These are not the usual terms to speak of horror movies. This film just doesn't play like anything before it made to scare its audiences, yet its sense of dread and the frankness of its depictions of the weird haunt us as we watch with a sense of failing control over what we are watching. There had been some notable left turns in the genre just prior to this film's production. Night of the Living Dead gave us a doom that had no conceptual handholds. Rosemary's Baby gave us an experience of paranoia that could bring us to screaming point. Neither of those are like the Exorcist, though, in that an insistence on the process of things not immediately related to the source of the horror. Regan's hospital examination is a blow by blow squirmfest. We probably don't need it for the story but to live through the child's ugly medical experience invests us more than the finest jumpscare could. And it's playing by your own rules that, if it works, gets you slap bang in the middle of influential icon territory. That's what happened here.

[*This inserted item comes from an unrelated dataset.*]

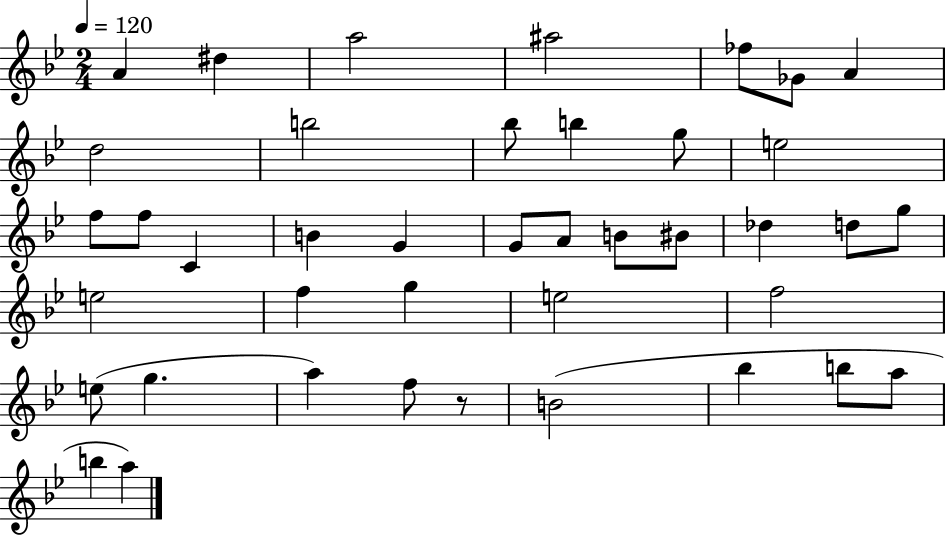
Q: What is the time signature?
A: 2/4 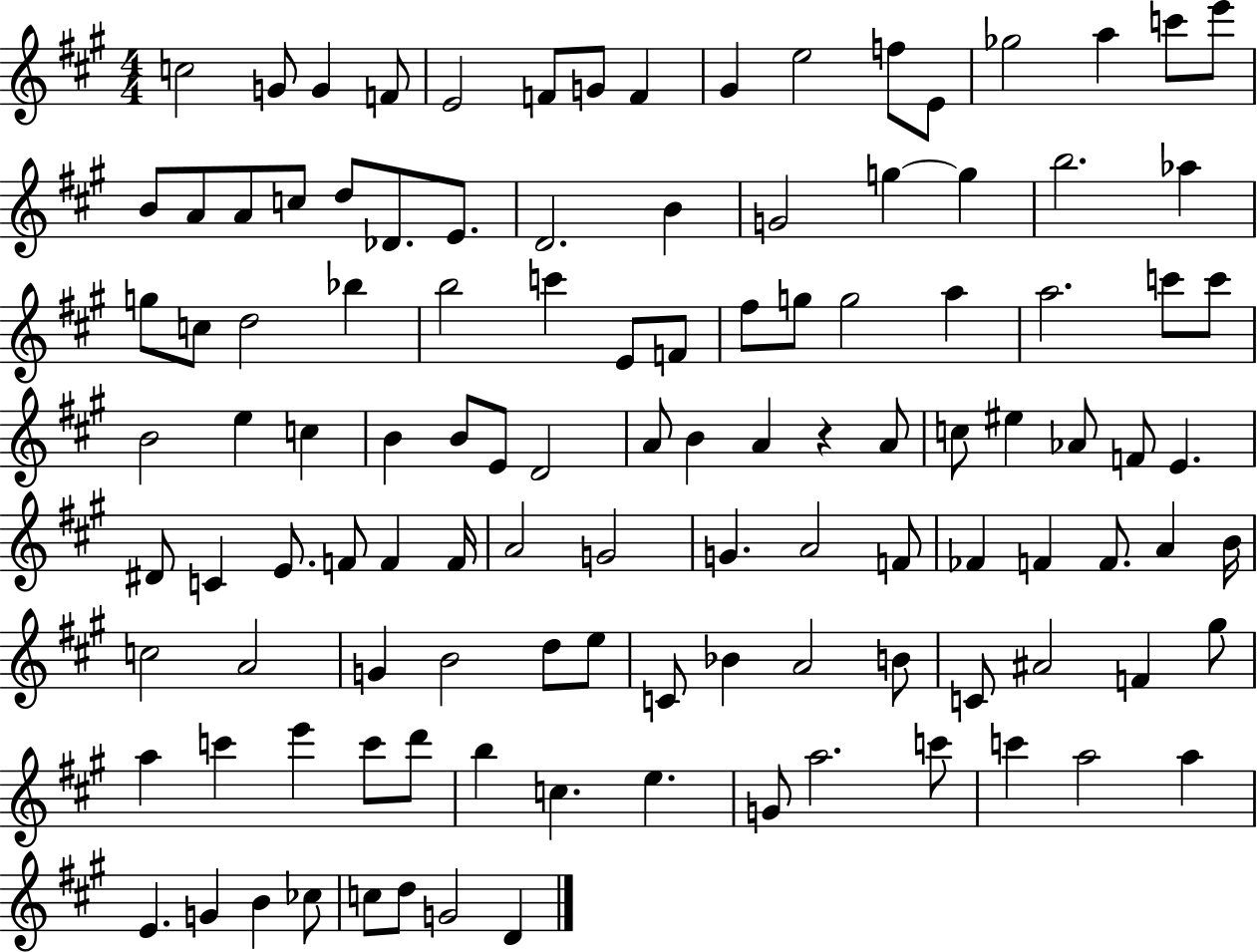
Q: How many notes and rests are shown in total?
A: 114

Add astute casting, mixing real priests in with fresh faces, career-making chances on lesser known actors and so on seal the deal. Max von Sydow, all of forty four when he made this, is so convincing as an eighty year old man (walking with the cautious step of one who knows how brittle his bones are) that I thought he was that old when I first saw the film (and then there's the makeup). Ellen Burstyn shot from a respectable lower tier career to front and centre of the younger character actors of the time with a performance of near unbearable stress retention. Jason Miller as Karras adds a day-to-day intensity to his own burdened world. Linda Blair only needs to convince us that she's a bright twelve year old girl but gives us more of the scarifying side of her possession than she usually gets credit for (there is a lot of audio and vision mixing which led to doubts about how complete her performance was). And so on. There's not a false note between them. By the final moments of turbulent action we are left wrenched by genuine catharsis.

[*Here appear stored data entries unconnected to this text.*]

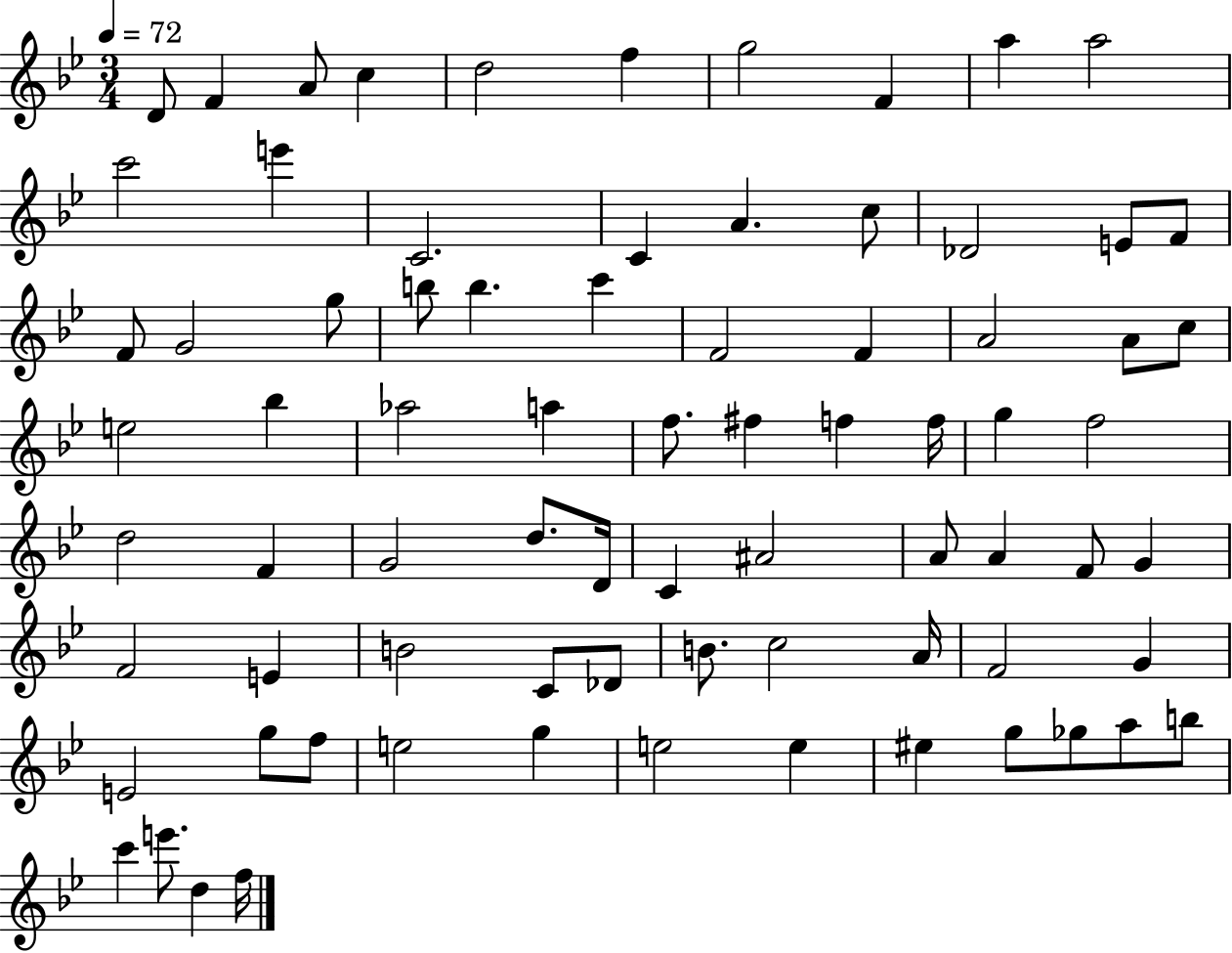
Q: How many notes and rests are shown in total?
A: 77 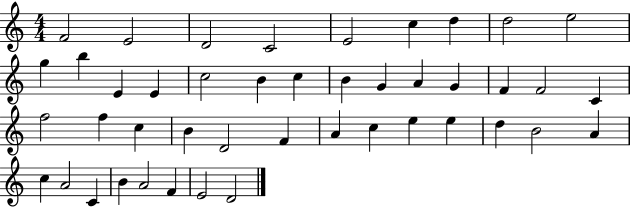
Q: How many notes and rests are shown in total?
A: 44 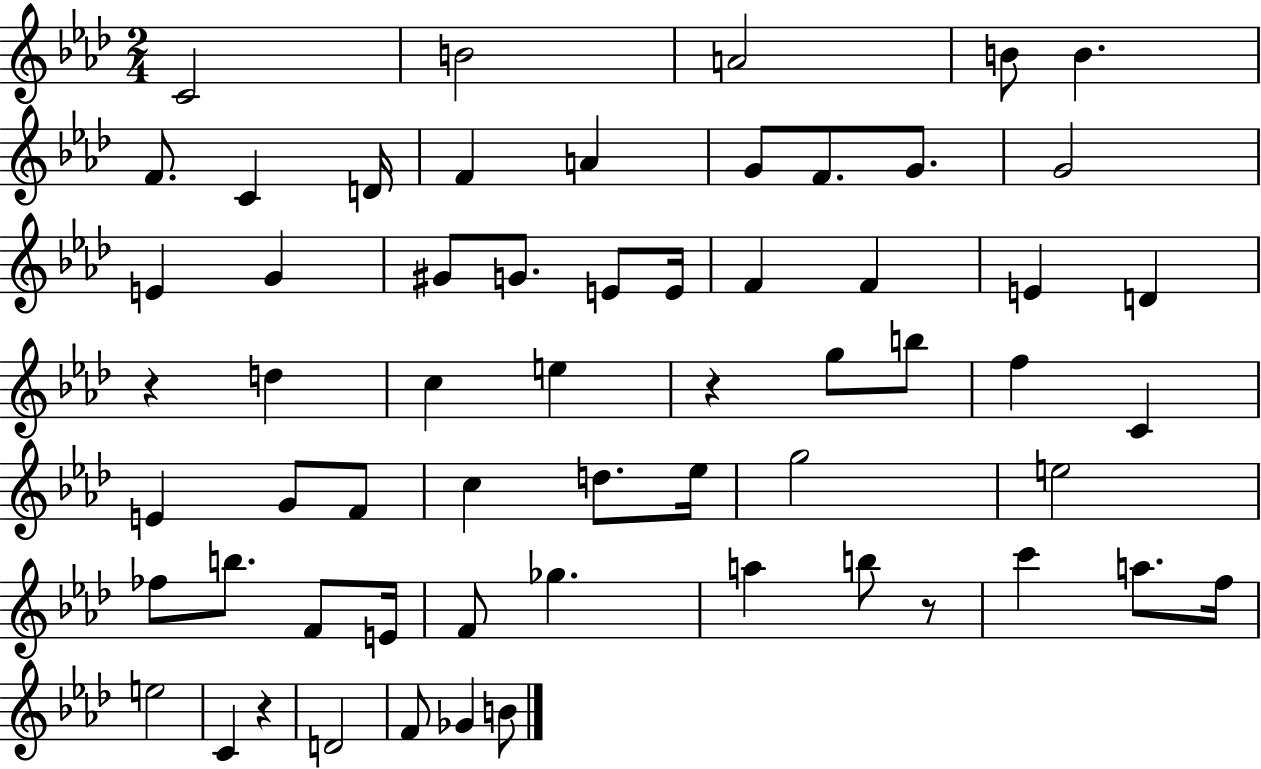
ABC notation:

X:1
T:Untitled
M:2/4
L:1/4
K:Ab
C2 B2 A2 B/2 B F/2 C D/4 F A G/2 F/2 G/2 G2 E G ^G/2 G/2 E/2 E/4 F F E D z d c e z g/2 b/2 f C E G/2 F/2 c d/2 _e/4 g2 e2 _f/2 b/2 F/2 E/4 F/2 _g a b/2 z/2 c' a/2 f/4 e2 C z D2 F/2 _G B/2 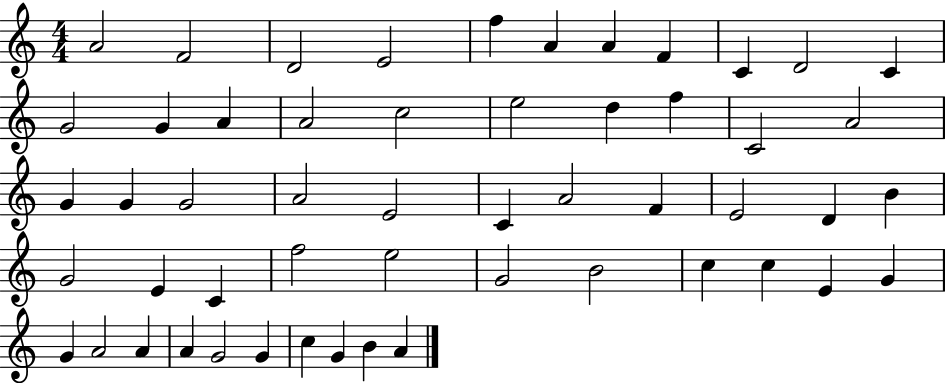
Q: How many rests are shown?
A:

So much has been written about this film's technical achievements that I'll keep that to a recommendation for reader's to follow up for themselves. The history of its production and reception are fascinating.

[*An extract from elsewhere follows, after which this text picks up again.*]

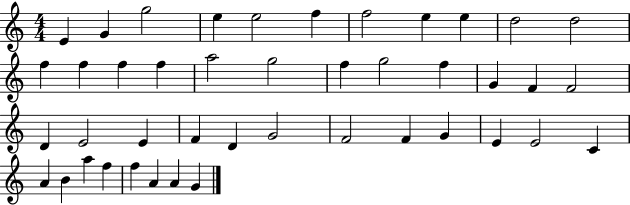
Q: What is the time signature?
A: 4/4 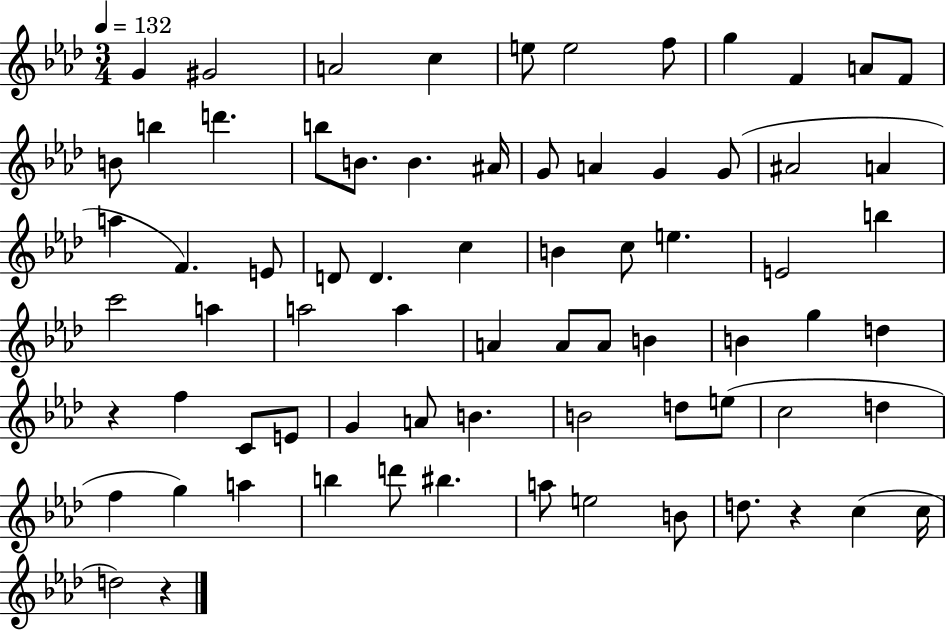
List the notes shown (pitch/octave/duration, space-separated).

G4/q G#4/h A4/h C5/q E5/e E5/h F5/e G5/q F4/q A4/e F4/e B4/e B5/q D6/q. B5/e B4/e. B4/q. A#4/s G4/e A4/q G4/q G4/e A#4/h A4/q A5/q F4/q. E4/e D4/e D4/q. C5/q B4/q C5/e E5/q. E4/h B5/q C6/h A5/q A5/h A5/q A4/q A4/e A4/e B4/q B4/q G5/q D5/q R/q F5/q C4/e E4/e G4/q A4/e B4/q. B4/h D5/e E5/e C5/h D5/q F5/q G5/q A5/q B5/q D6/e BIS5/q. A5/e E5/h B4/e D5/e. R/q C5/q C5/s D5/h R/q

My own story begins in the early seventies when this film was notorious, wracked (and frankly supported) by rumours of genuine supernatural forces at play in its very celluloid. I'd heard so many of these that my impression was of a film made of shocking scenes, plotless and sensational. The only people I knew who had actually seen it were my parents whose discussion of it, measured and careful in front of me, yet vibed up as quietly terrifying. 

Finally, when I was old enough to see it legally, I watched the modified version on tv, cut to shreds with bowdlerised dialogue and not much more than an impression of why it deserved its reputation. But it was intriguing. This was as an undergraduate and at the dawn of home video. When I went back home for Christmas holidays it was the first thing I rented. That was when I understood the complex shifting of protagonists and how the alternations of perspective created the film's constant momentum. It was a wonder. This is at a time when I, and every other film student of my age, was ploughing through the new Hollywood of the '70s with its wealth of  cinematic challenges. 

The Exorcist reigned among them because it felt complete in ways that the others didn't quite. Part of the completion was this: as a lifelong atheist, I had no trouble folding myself into Karras' crisis of faith or his action at the climax. My understanding of the motivation for that action contained no need for it to be spiritual (whatever that means) but I had no trouble with anyone of credulous religious affliation who might take it more literally. You could watch it as Blatty the Christian writer or Friedkin the atheist director and the film would be unchanged.

I saw this at a cinema in Melbourne last night. It was (thankfully) the original 1973 cut so unhampered by pointless dragging extra scenes and embarrassing superimpositions of scary demon faces in shadows or cooker hoods. It was preceded by a wide ranging presentation on what had preceded the film, its aesthetics, casting, writing and so on. This caused stirs around me in the auditorium with one old goose behind me murmuring as though he were in his loungeroom waiting for the commercials to finish. 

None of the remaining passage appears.